Toxic Beauty by Alexis Krauss

This question changed my life:

"Can you name one ingredient in any of the cosmetics you use every day?"

I stopped. My mind went blank. Could I really not name a single ingredient? I started tallying up all the products I used on a daily basis, from my shampoo to my foundation. What was in my mascara? I had no clue. This couldn't be good. After all, I knew exactly what was in the food I ate. For years I had made a concerted effort to eat whole, healthy, dominantly plant-based foods, and I had no idea what I was putting on my skin everyday? I was a complete hypocrite. I had to get educated.

I started researching personal care product formulations and was shocked by what I learned. There were polluting petroleum-based microplastics in my face wash, hormone disrupting preservatives in my body lotion, heavy metals in my deodorant, sulfates in my shampoo. My fragrance was a proprietary blend of harsh synthetic chemicals protected by an outdated Food and Drug Administration (FDA) labeling loophole. It was insane!

I realized that if I knew so little about the toxins lurking behind my beauty routine, chances were that most women were also being duped by slick, cosmetic marketing masterminds. The multi-billion dollar conventional beauty industry spends a lot of time convincing you how well their products work, how young they'll make you look, how glamorous your life will be wearing them — but they rarely disclose information about the formulations behind their products. In the United States the FDA does little to regulate cosmetics. Only 11 chemicals have been banned from use in US cosmetics, over 1,000 have been banned in Europe. Chemicals including parabens and phthalates have been linked to cancer, hormone disorders, and fertility issues. The toxins have been found to accumulate in our bloodstream and body tissue, resulting in a worrying burden for women who use multiple skincare and beauty products each day.

Determined to educate consumers and makeover the beauty industry, I launched Beauty Lies Truth with my partner in clean beauty activism, Jessica Assaf. Clean beauty is about much more than just looking good. It's about understanding that our actions as consumers have consequences that impact our health and the health of our planet. Clean beauty is also a movement to empower women. Whether it's the women shea butter producers in Ghana working hard to produce one of the world's best natural moisturizers, or the innovative entrepreneurs discovering alternative cosmetic formulations in their kitchens — clean beauty is an industry run largely by women. These women are changing the way consumers think about beauty and exercising a tremendous influence on mainstream beauty corporations. They are also fighting for potentially transformational cosmetic safety legislation.

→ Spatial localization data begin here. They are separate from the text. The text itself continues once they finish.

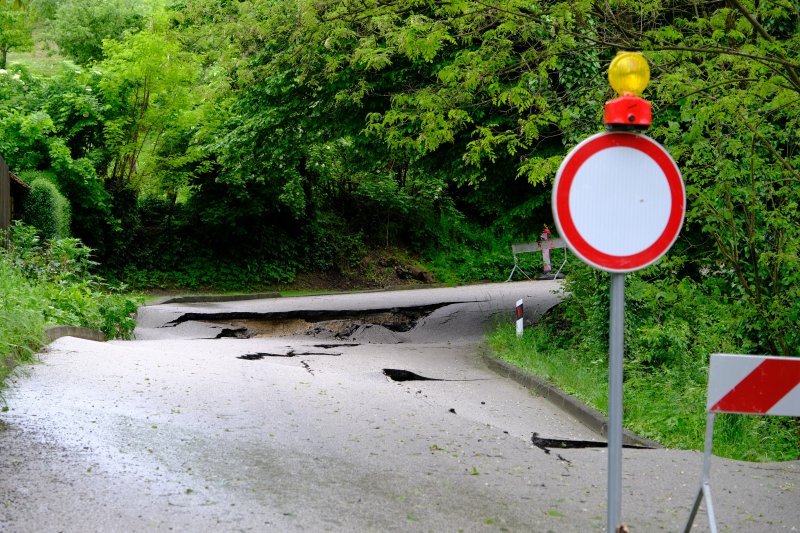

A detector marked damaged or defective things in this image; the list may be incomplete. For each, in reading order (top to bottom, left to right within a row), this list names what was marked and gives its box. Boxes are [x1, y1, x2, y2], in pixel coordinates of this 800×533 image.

cracked asphalt road [1, 280, 800, 528] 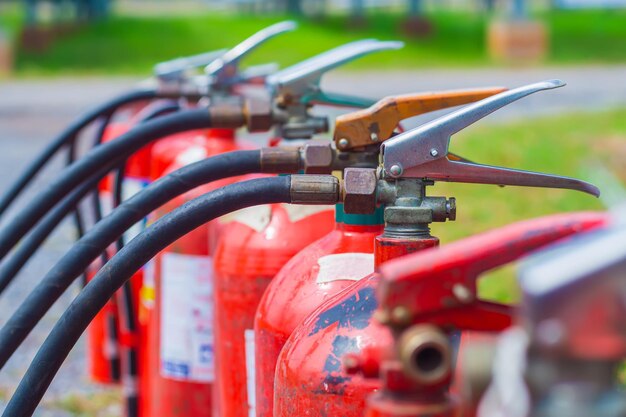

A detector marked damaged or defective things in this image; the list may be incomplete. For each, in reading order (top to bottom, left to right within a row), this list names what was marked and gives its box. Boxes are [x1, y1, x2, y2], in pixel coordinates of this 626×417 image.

rusty metal part [208, 98, 245, 128]
rusty metal part [243, 98, 272, 131]
rusty metal part [334, 88, 504, 151]
rusty metal part [256, 147, 300, 173]
rusty metal part [288, 173, 338, 204]
rusty metal part [342, 167, 376, 214]
rusty metal part [398, 324, 450, 386] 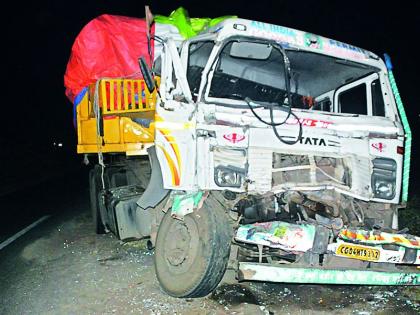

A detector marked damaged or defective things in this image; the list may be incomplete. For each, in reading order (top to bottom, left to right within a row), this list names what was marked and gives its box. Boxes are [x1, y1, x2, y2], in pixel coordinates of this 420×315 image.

damaged truck [65, 7, 416, 298]
broken headlight [215, 165, 244, 188]
broken headlight [372, 158, 396, 200]
torn sheet metal [170, 193, 204, 220]
torn sheet metal [236, 221, 316, 253]
torn sheet metal [338, 230, 420, 249]
torn sheet metal [328, 241, 420, 266]
torn sheet metal [238, 262, 418, 288] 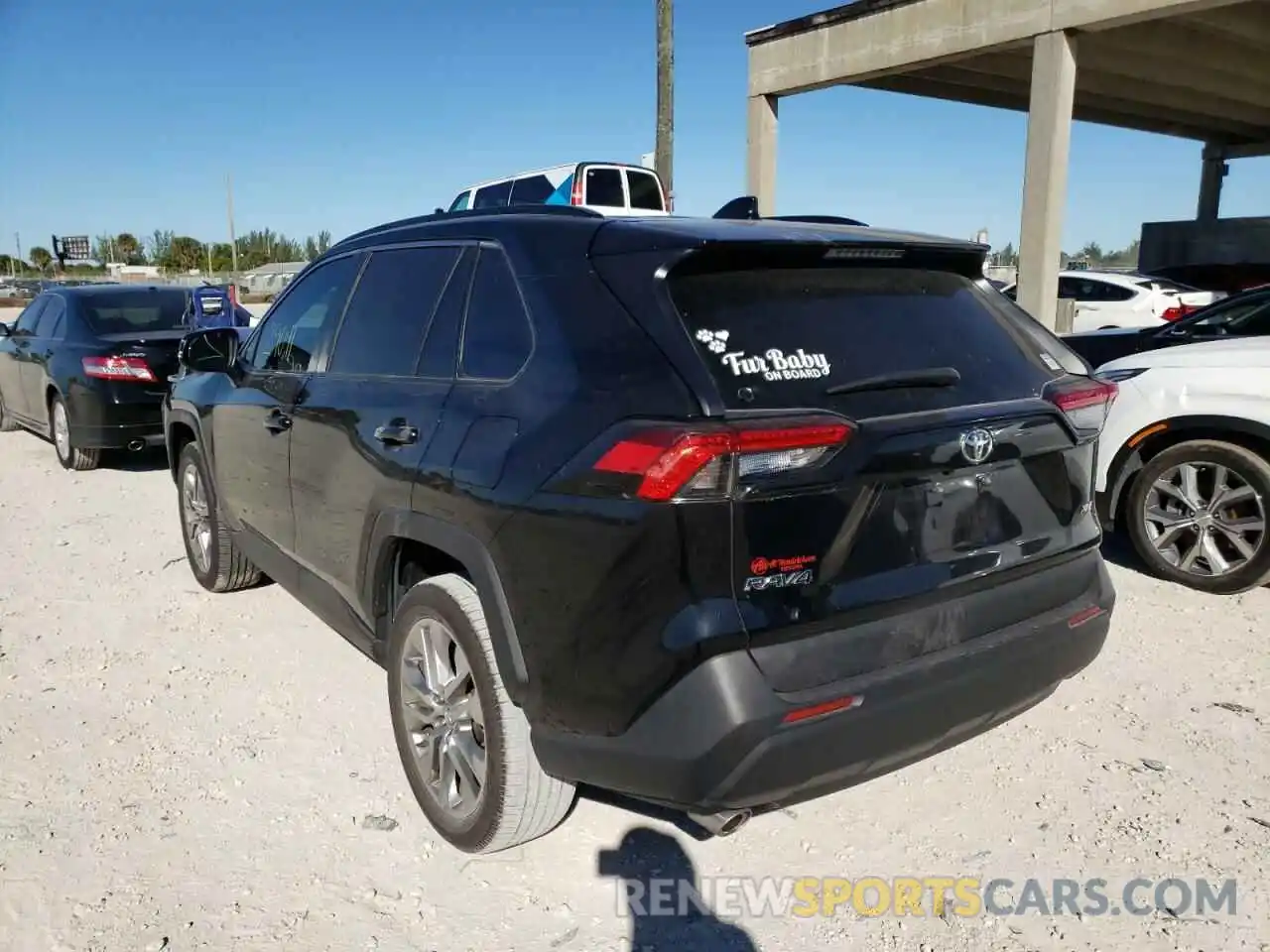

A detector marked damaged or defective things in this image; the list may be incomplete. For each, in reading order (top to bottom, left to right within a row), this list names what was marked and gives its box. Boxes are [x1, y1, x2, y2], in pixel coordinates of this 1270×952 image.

damaged suv [164, 202, 1119, 857] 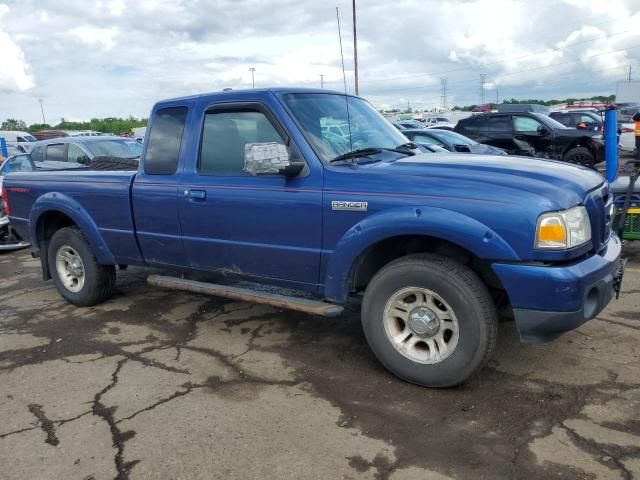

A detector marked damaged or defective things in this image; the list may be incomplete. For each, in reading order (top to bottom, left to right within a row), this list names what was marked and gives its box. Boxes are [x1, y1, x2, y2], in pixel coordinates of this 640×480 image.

cracked pavement [0, 248, 636, 480] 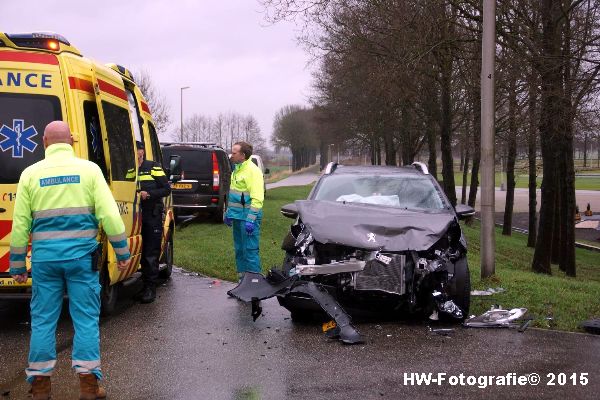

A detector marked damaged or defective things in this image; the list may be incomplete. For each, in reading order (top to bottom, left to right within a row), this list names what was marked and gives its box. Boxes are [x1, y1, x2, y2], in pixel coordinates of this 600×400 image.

severely damaged car [227, 162, 476, 344]
shattered windshield [314, 174, 446, 211] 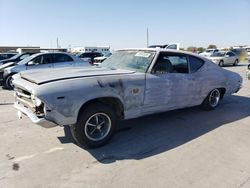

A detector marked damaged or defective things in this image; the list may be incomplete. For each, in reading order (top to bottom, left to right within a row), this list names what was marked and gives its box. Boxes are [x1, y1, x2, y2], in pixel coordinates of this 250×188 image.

damaged grille [14, 87, 44, 117]
damaged muscle car [13, 48, 242, 148] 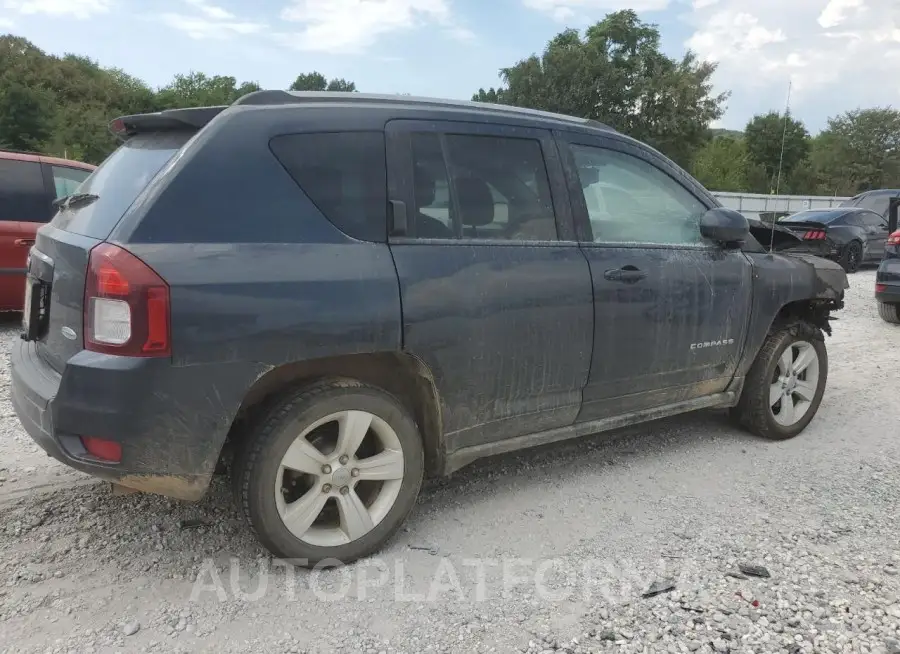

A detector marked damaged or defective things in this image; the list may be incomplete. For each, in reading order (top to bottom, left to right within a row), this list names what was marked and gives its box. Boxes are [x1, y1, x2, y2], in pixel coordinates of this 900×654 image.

damaged jeep compass [10, 89, 848, 568]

Over the years, followers of the blog have asked me about the best ways to clean up their beauty routine. There are many effective approaches, but I suggest starting one ingredient at a time. Thanks to organizations like the Environmental Working Group, brilliant companies like Beautycounter, and blogs like Well + Good, there is a wealth of information out there about which ingredients you should eliminate from your daily routine. Making the switch to a cleaner routine can feel overwhelming at first, but it needn't be. Taking back control of your body can be a powerful act for positive change.